Unzip the downloaded files to the root directory of drive C.
Then, add a new path to the file in the environment variable. Finally, execute PIP install pocketsphinx - I again https://pypi.tuna.tsinghua.edu.cn/simple/
b. Install the SpeechRecognition package
pip install SpeechRecognition -i https://pypi.tuna.tsinghua.edu.cn/simple/
c. Program for converting English speech into text
#1, Initialize a speed_recognition object import speech_recognition as sr r=sr.Recognizer() #2, Open the voice file and save it in audio after encoding audio_file='out_audio1.wav' with sr.AudioFile(audio_file) as source: audio=r.record(source) #Three. Convert speech to text print('Text content:',r.recognize_sphinx(audio))

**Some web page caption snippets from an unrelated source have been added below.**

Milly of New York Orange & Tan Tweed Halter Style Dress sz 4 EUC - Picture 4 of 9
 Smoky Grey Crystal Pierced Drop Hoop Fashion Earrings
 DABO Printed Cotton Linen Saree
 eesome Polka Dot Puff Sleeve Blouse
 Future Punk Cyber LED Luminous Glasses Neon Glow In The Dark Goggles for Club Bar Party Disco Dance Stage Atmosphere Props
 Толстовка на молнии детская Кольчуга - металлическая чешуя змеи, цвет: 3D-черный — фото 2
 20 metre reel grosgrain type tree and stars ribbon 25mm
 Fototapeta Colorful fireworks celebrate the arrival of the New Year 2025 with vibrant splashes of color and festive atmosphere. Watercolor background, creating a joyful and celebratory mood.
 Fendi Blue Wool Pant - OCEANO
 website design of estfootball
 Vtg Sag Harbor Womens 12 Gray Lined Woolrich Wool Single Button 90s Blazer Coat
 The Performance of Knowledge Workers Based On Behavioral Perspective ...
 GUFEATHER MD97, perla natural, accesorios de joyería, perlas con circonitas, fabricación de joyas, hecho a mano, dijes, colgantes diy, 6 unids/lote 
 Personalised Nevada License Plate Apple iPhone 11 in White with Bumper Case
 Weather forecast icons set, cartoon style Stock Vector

Note: due to recognize_sphinx's default language model is English, so if there is Chinese, it is easy to produce garbled code that is not garbled.
2. Using pocket Sphinx to convert Chinese voice into text
a. Download Mandarin package
b. Put the package in the right place
This is where I put it
c. Modify the cmusphinx-zh-cn-5.2 package name to Ze CN, and modify the file name in the folder
Refer to the name reference. If you are worried about typos, you can copy the corresponding name of the corresponding file in the en-US folder next door
d. Using pocket Sphinx to convert Chinese voice into text
# 04 use PocketSphinx to convert voice into text py #1, Initialize a speed_recognition object import speech_recognition as sr r=sr.Recognizer() #2, Open the voice file and save it in audio after encoding audio_file='out_audio1.wav' with sr.AudioFile(audio_file) as source: audio=r.record(source) #3, Convert speech to text print('Text content:',r.recognize_sphinx(audio,language='ze-CN'))
Note 1: the only difference from the previous program is to modify recognize_ The default language parameter in Sphinx function is the Mandarin package just downloaded
Note 2: English cannot be converted to text
Note 3: Here I use pocket Sphinx as an example. Of course, you can use the latest Vosk library to realize the same functions. That may be better. I'll update this blog when I have time
This blog is just to supplement the current lack of a complete set of entry code for csdn. There are still many ways to go in the direction of speech recognition, many principles to learn, come on.